5. Process for the preparation of ethano-terpene solvent according to claims 1 to 4, characterized in that the plant can be chosen from plants belonging to the botanical genera Mentha, Thymus, Rosmarinus, Verbena, Carum, Cymbopogon and Lavandula.

6. Process for the preparation of ethano-terpene solvent according to claims 1 to 5, characterized in that the selection of the plant is based on the degree of polarity of their major terpenes, these terpenes being chosen to have the same degree of polarity and affinity with the molecule to be extracted and / or solubilized.

7. Process for the preparation of ethano-terpene solvent according to claims 1 to 6, characterized in that the selected plant comprises a terpene composition of between 30 and 70% by weight of the extract material, in particular between 40 and 60%.

8. Process for the preparation of ethano-terpene solvent according to claims 1 to 7, characterized in that the selected plant is used with all its components, including flowers, buds, stems, leaves, roots, fruits, bark or seeds.

9. Process for the preparation of ethano-terpene solvent according to claims 1 to 8, characterized in that the plant, ground in the form of a fine fragment, is macerated with ethanol (99%) in a plant / ethanol mass ratio of at least 1 g per 10 mL (1:10).

10. Process for the preparation of ethano-terpene solvent according to claims 1 to 9, characterized in that the maceration is carried out at a temperature of 50°C for 1 hour of stirring.

11. Process for the preparation of ethano-terpene solvent according to claims 1 to 10, characterized in that the step of decolorizing the colored extract is a step of evaporation under vacuum at a temperature less than or equal to 90°C and a pressure between 0 and 900 bar.

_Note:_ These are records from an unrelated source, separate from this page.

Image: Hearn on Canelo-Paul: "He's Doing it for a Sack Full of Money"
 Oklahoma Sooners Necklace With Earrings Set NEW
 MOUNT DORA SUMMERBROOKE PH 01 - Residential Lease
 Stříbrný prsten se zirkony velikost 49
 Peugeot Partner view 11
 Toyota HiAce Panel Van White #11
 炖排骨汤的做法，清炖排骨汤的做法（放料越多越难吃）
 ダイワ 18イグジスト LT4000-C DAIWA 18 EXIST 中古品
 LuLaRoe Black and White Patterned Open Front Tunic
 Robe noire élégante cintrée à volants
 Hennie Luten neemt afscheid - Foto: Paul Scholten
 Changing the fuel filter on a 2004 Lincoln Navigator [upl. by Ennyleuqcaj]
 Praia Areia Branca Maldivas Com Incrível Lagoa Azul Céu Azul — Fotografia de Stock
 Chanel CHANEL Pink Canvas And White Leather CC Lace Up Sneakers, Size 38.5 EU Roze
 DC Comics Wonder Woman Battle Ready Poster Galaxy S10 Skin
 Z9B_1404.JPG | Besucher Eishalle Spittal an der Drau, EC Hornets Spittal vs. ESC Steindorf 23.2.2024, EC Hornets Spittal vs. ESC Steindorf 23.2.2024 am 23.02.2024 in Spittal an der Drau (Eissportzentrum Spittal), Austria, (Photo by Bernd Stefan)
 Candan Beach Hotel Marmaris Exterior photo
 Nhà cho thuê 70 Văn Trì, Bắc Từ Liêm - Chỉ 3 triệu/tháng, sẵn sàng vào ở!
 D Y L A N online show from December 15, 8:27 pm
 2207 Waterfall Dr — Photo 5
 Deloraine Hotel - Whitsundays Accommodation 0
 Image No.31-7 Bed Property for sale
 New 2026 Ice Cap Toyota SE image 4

12. Ethano-terpene solvent according to claim 1, characterized in that it is selective and its selectivity is a function of the degree of polarity of its terpene composition, which is modified and selected for each molecule to be extracted and / or solubilized.

13. Ethano-terpene solvent according to claims 1 and 12, characterized in that its composition in terpenes and phenolic compounds gives it antioxidant, biological and aromatic properties.

14. Use of the ethano-terpene solvent according to claims 1 and 12, for the solubilization of lutein, with a solubility of 8.2 mg / mL compared to that in tetrahydrofuran of 8.1 mg / mL.

15. Use of the ethano-terpene solvent according to claims 1 and 12, for the solubilization of ascorbic acid, with a solubility of 328.12 mg / mL compared to that in water of 328.5 mg / mL.

16. Use of the ethano-terpene solvent according to claims 1 and 12, for the solubilization of curcumin, with a solubility of 12.6 mg / mL compared to that in DMSO of 11 mg / mL.

17. Use of the ethano-terpene solvent according to claims 1 and 12, for the solubilization of caffeine, with a solubility of 180.74 mg / mL compared to that in chloroform of 181.02 mg / mL.

18. Use of the ethano-terpene solvent according to claims 1, 12 and 13, in the processes of extraction and / or solubilization of plant and / or animal biological materials and / or prokaryotes, in the synthesis and formulation in the food, pharmaceutical, cosmetic, chemical, perfume and fuel industries, as well as in cleaning and disinfection processes.